MODERN SKIN PROTECTION

Any modern protection product MUST consider the modern environment to be effective. This includes ingredients that protect not only against UV, but against Infrared, free radicals, pollutants, changes in temperature and actively work to repair existing damaged cells.

Rather than just come to you with the problem, let’s look at just some of the ways that the industry is responding to the effects of IR and pollutants, and how best to protect against our modern lifestyle.

(all as featured in our very own Element Protector!)

1.  DIPEPTIDE-3 AMINOHEXANOATE This miracle peptide stimulates the
production of Heat Shock Proteins within the skin, therefore improving the
skin’s resilience to stress – particularly stress caused by temperature
variance e.g. the heat caused by IR

2.  PSEUDOALTEROMONAS EXOPOLYSACCHARIDES It has a super-long name, but it’s not to be forgotten. This ingredient provides far superior water retention ability to traditional Hyaluronic Acid and therefore reduces moisture loss and stabilises moisture retention even in extreme variations of climate.

3.  DIAMINOPROPIONOYL TRIPEPTIDE-33 Reinforces the skin’s natural immune response to reduce the risk of infection, free radical damage, airborne pollutants and microbial growth. Thus inhibiting the conversion of IR created Reactive Oxygen Species into the more harmful free radicals.

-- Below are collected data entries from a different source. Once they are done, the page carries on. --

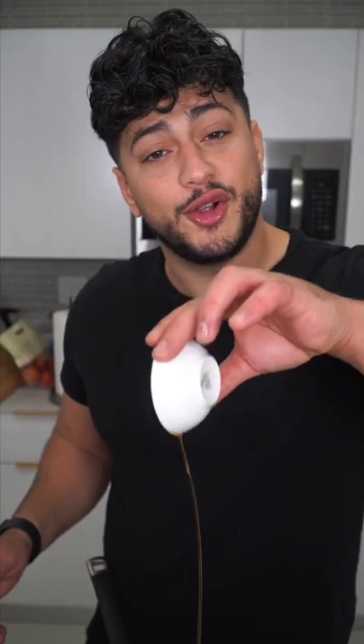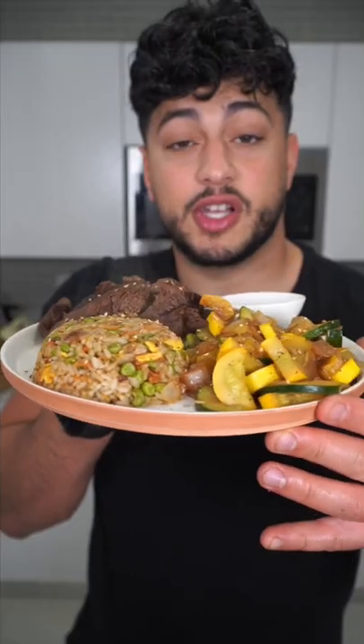Day-old rice is always preferred. Slide in the egg. Soy sauce it up. Finish with sesame oil. Greens to negate all the calories. Yum yum sauce on the side.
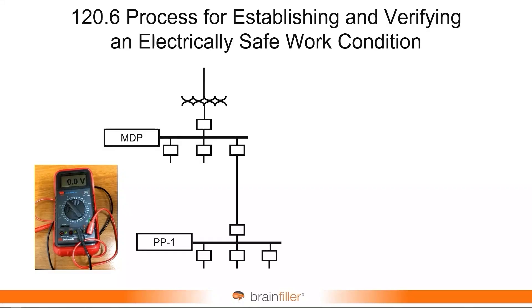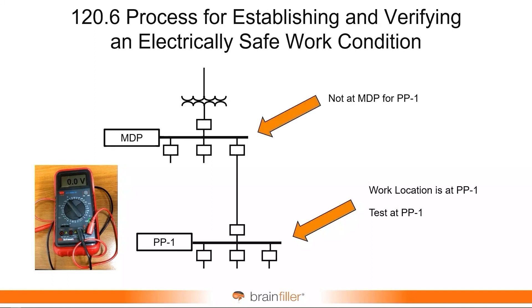Looking at it in a little more detail: if you were going to be conducting work at panel PP1 and this was to be electrically safe, then you test at panel PP1, not upstream. You can test upstream if you want, but that's not going to be used to verify absence of voltage at PP1.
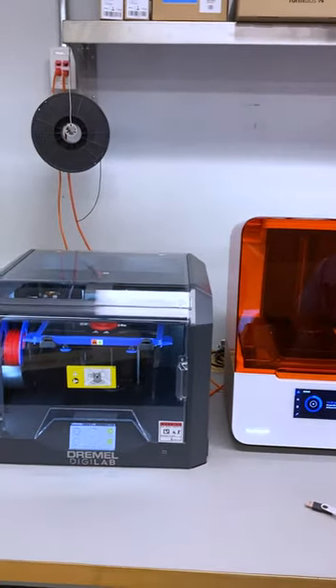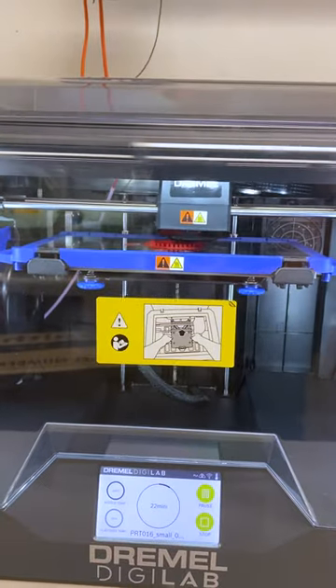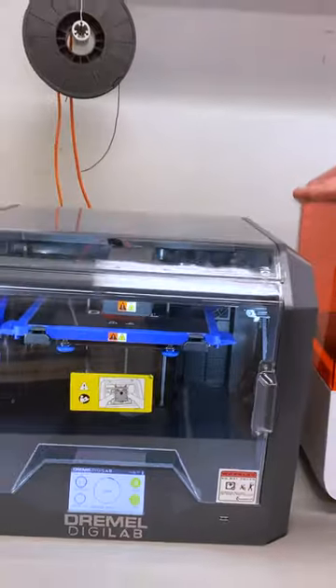Starting from the left side, this is an FDM printer. It uses a filament that gets fed in, heated, melted, and extruded. It builds parts layer by layer.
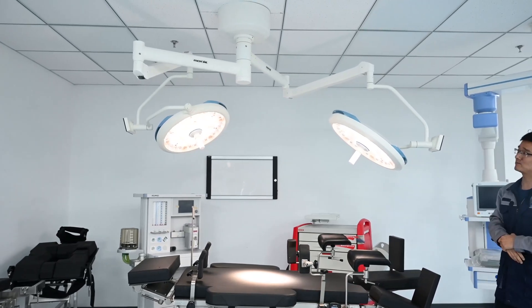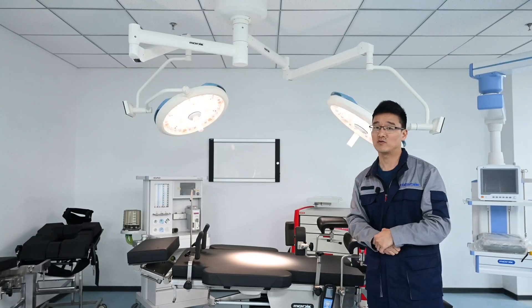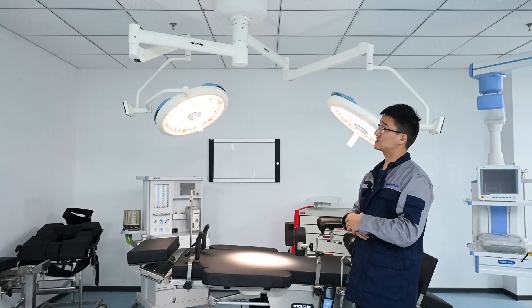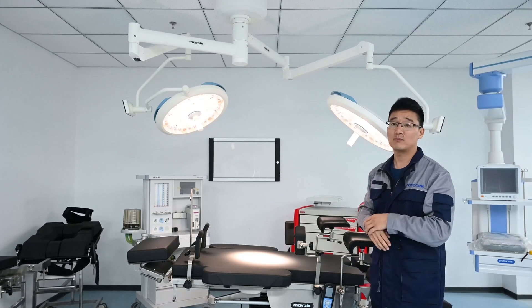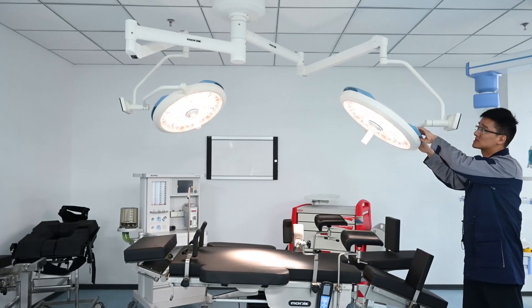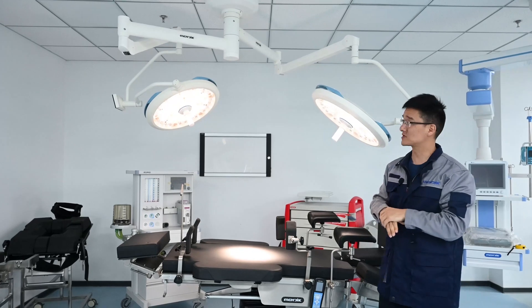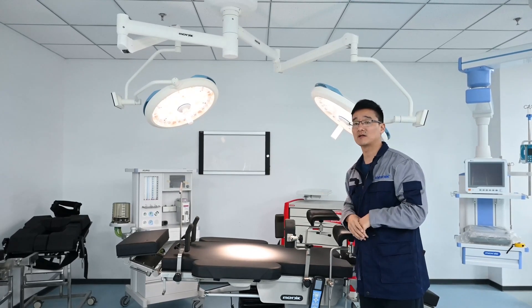The third part is the lamp itself. Mechanically, a good surgical lamp must have proper installation and a good quality, stable spring arm. Now for the next step we will introduce the lamp itself regarding the light parameters.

Whilst there are few ingredients that directly protect against infrared (the main one being iron-oxide – but the orange colouring of this particles makes for difficulty in mainstream product acceptance), the aim is to buffer the effect and ensure that the cell has amplified strength in coping with the fluctuation in temperature.

HOW ARE YOU PROTECTING YOUR SKIN??

RED HOT. Infrared – the bad guy.

Infrared Radiation (IR) poses a huge threat to the longevity of skin cells and plays a critical role in how fast that the skin ages. The beauty industry is focusing time, research and money into ingredients that help buffer or neutralise damage caused by IR.

Terri Vinson, well respected cosmetic chemist and formulator, has warned the industry that “infrared protection is the next big challenge against skin ageing. Recent clinical studies have shown that infrared damage is just as destructive to the skin as UV rays and is also a key contributor in photo-ageing”. (for full article, head to Professional Beauty Magazine)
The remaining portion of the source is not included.